> **ACTION ITEM**:
Reproduce exactly the run of lines that begins with the one containing "Sonique ���� Greek" and ends with the last line of the records, omitting pictures.

Pictures with short captions:
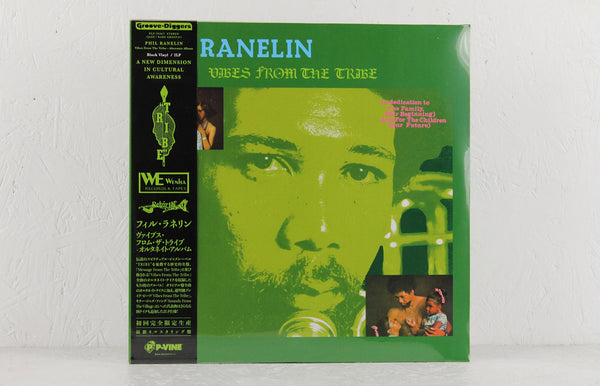 Phil Ranelin – Vibes From The Tribe - Alternate Album Vinyl 2LP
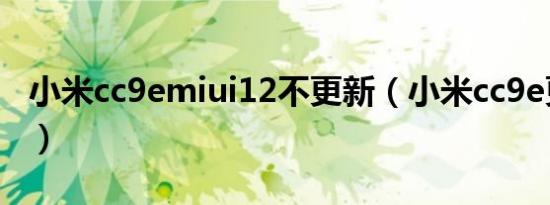 小米cc9emiui12不更新（小米cc9e更新不了）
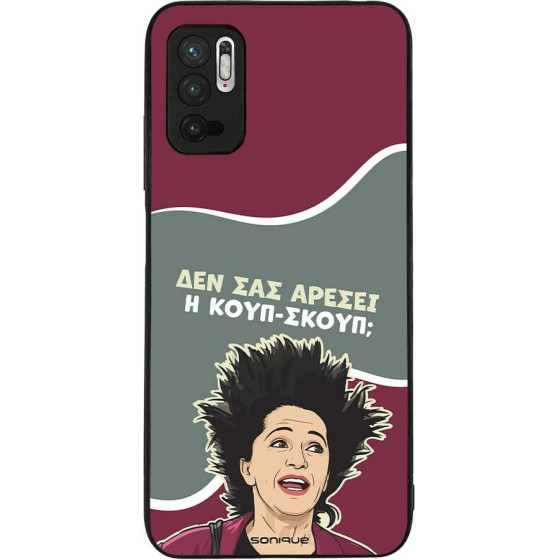 Sonique ���� Greek Cult TV Series ��� Xiaomi Redmi Note 10 5G / Poco M3 Pro 5G ����-�����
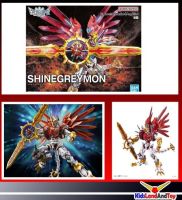 Figure-rise Standard Amplified SHINEGREYMON 4573102653246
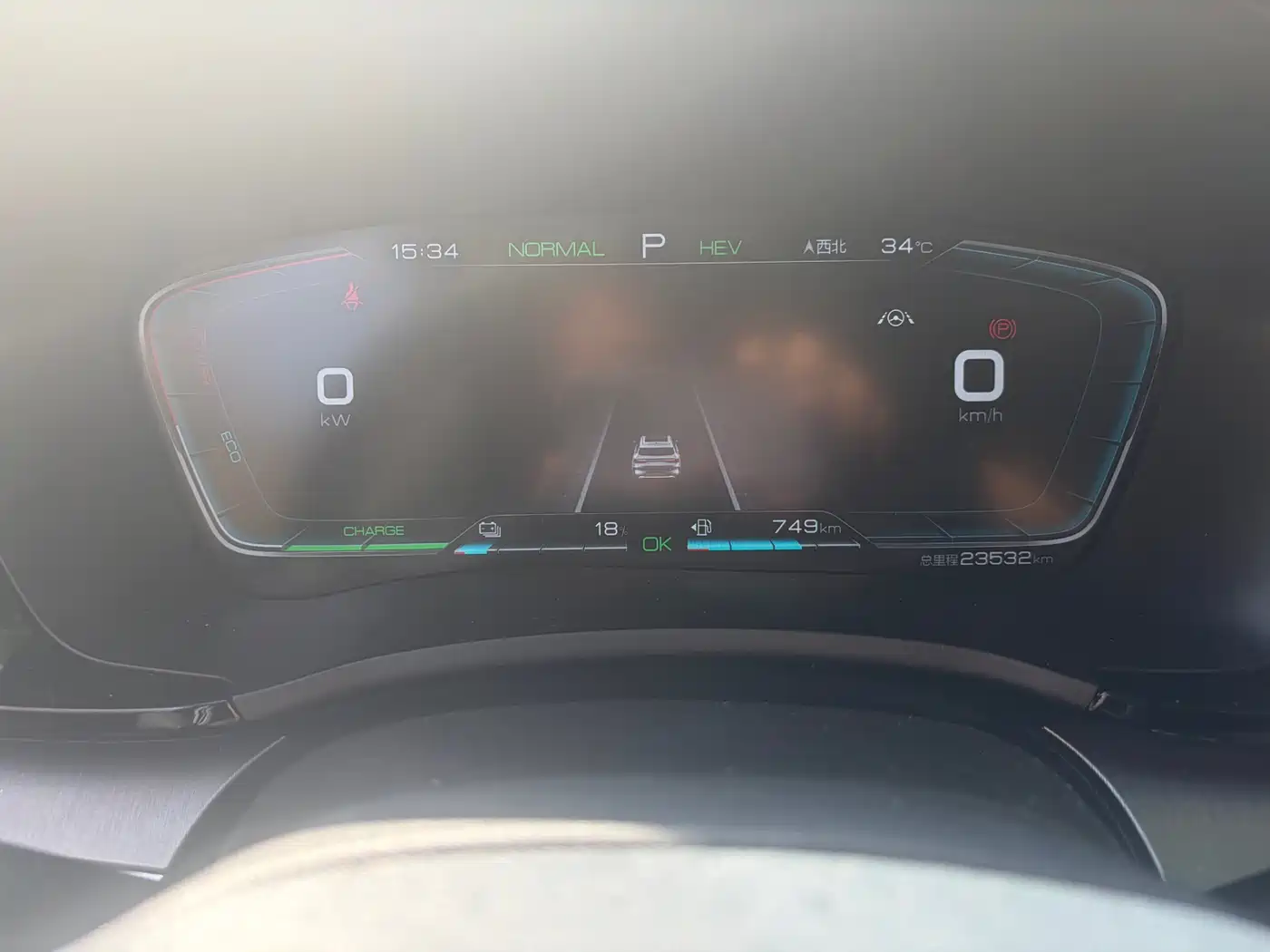 BYD Song PLUS PHEV 2021 DM-i 110KM Flagship PLUS фото 8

> **RESPONSE BOX**:
 Sonique ���� Greek Cult TV Series ��� Xiaomi Redmi Note 10 5G / Poco M3 Pro 5G ����-�����
 Figure-rise Standard Amplified SHINEGREYMON 4573102653246
 BYD Song PLUS PHEV 2021 DM-i 110KM Flagship PLUS фото 8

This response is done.